Zero Boys - Hollywood (Cover Artwork)
Staff Pick

Zero Boys

Hollywood (2014)


More than 30 years after their humble beginnings in Indianapolis, Zero Boys are on quite a roll. In May, they released their first full length in 20 years, the very well received Monkey. Six months later comes Hollywood and this EP has a cool backstory. All of these songs were written by original guitarist Terry "Hollywood" Howe, who died of an overdose in 2001. This serves as a tribute to Howe, while also giving fans five songs that were never properly recorded.

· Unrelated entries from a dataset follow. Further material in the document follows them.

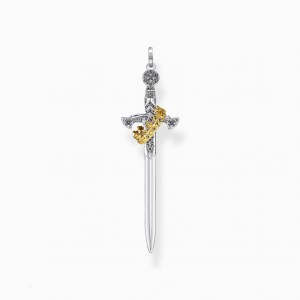 Thomas Sabo Pendant Sword With Crown Prívesky Panske Žlté Zlate Strieborne | SK-64URQAYOP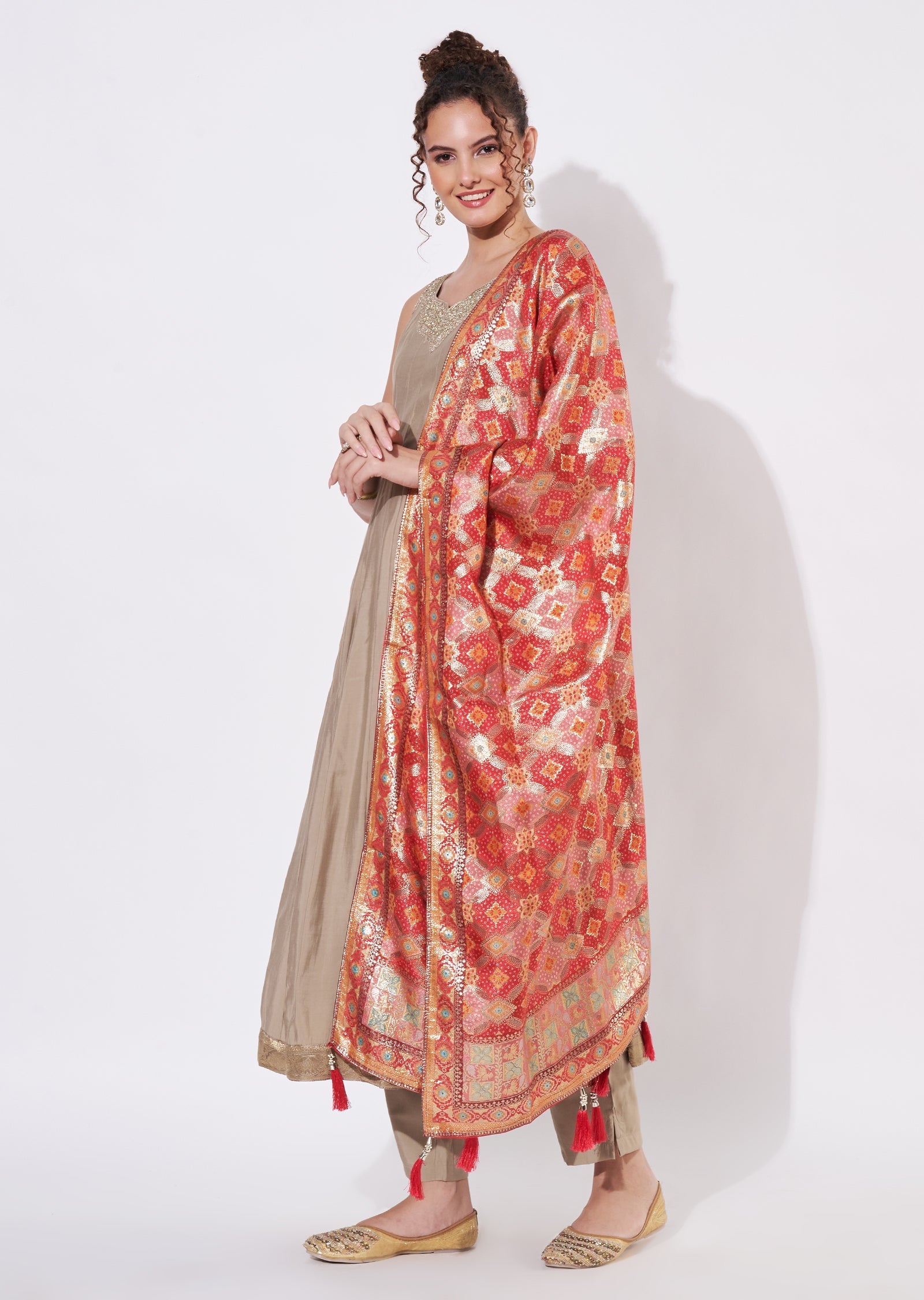 Beige Silk Anarkali Suit
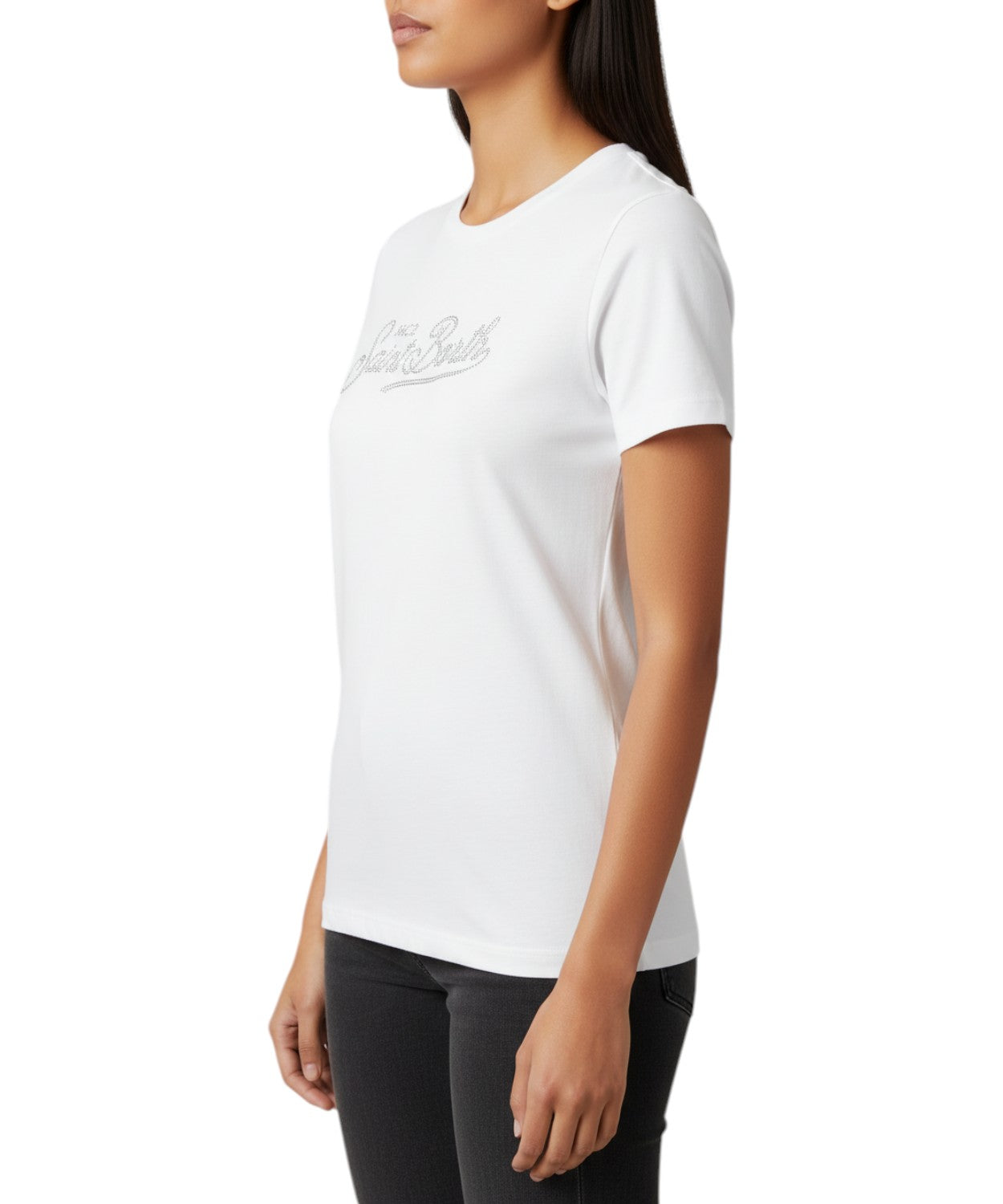 Women's MC2 Saint Barth T-shirt with rhinestone logo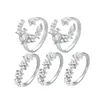 Anneaux de mariage 5pcs mignon midi lune fleur bague ensemble mode petit joint joint doigt complet bijoux vintage 2022 année cadeaux de mariage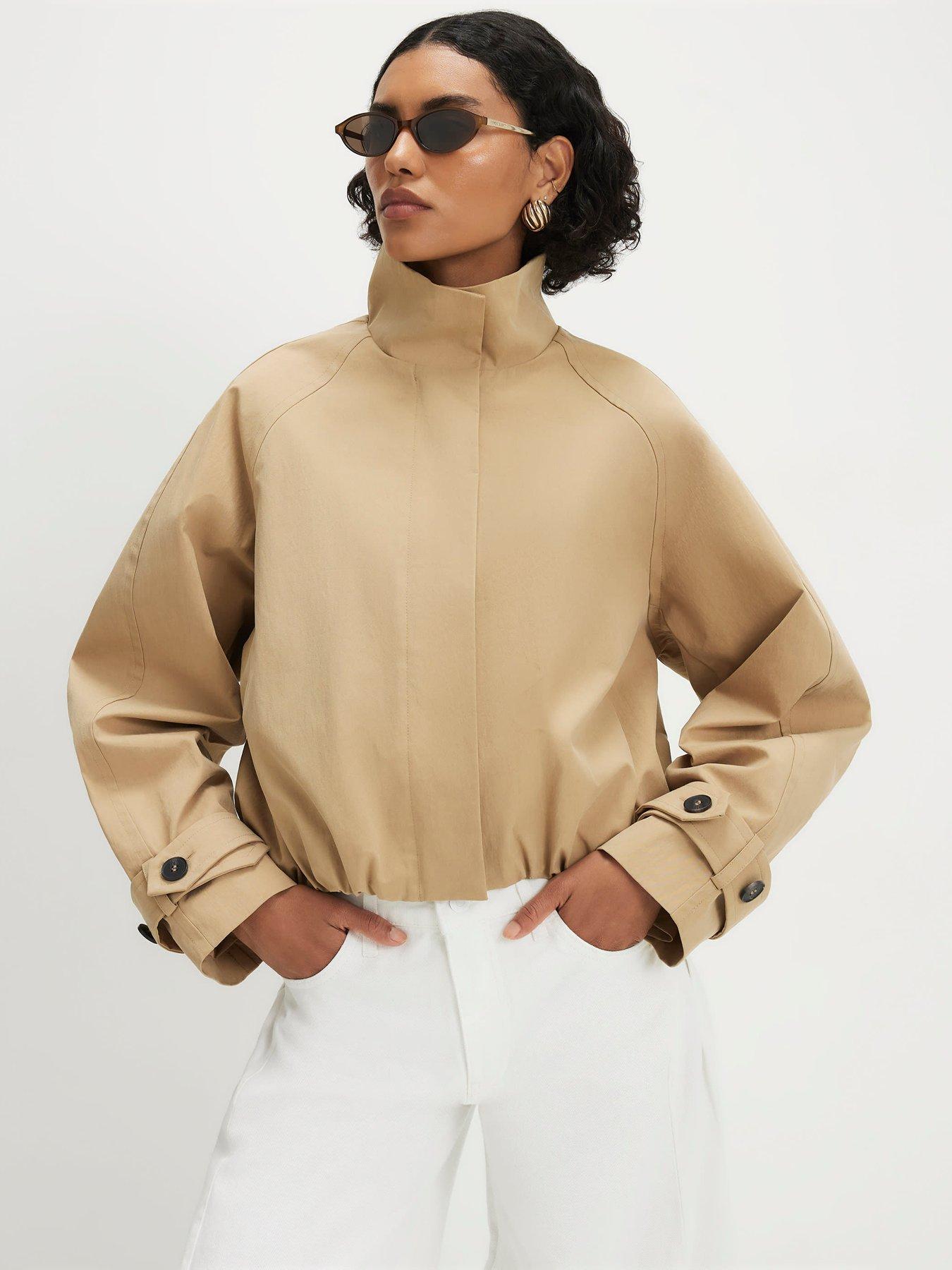 River Island Funnel Neck Chopped Trench Jacket - Beige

Zero Boys are best known for their 1981 LP Vicious Circle. It is widely acknowledged as a classic of American hardcore, although it is not nearly as well known as many of its east or west coast counterparts. That album's sound is best defined as 90 second blasts of frenzied, Ramones' style punk played at an even more frantic pace. Most of the band's other releases, Hollywood included, are much closer to straight up rock and roll. Think the New York Dolls, or even the Rolling Stones. This little record has what can only be described as swagger.

Opening track "B.I.T.C.H.I.N.", is a classic song about girl trouble. Its chorus defies you to try to keep up and sing along. "Garbage Patrol" has a huge 80's style metal riff and the lyric "Save my soul/From the garbage patrol". "It's a Long Way Home" and "Queen of Siam" are solid songs with attitude to spare. "Rock and Roll Will Take its Toll" is a fitting closing track for Hollywood. It features bluesy, blistering guitar leads that would make Angus Young proud. You can't help but wonder if Howe had any idea how prophetic his words would be. Like any good EP, these fifteen minutes go by way too fast. It definitely leaves you wanting more.

It's nice to see a classic Midwestern punk band getting a second (or fifth) wind. Geographic isolation hurt Zero Boys in the 80's, but technology has helped to level the playing field. It's also nice to hear a long running band put out strong new material. Hollywood is both a look back at a fallen friend, and a relevant sounding record. Too many of the legacy punk bands are living off of the 15 or 20 song they wrote when they were teenagers. Zero Boys deserve respect for what they've done in the past, but also for being viable now.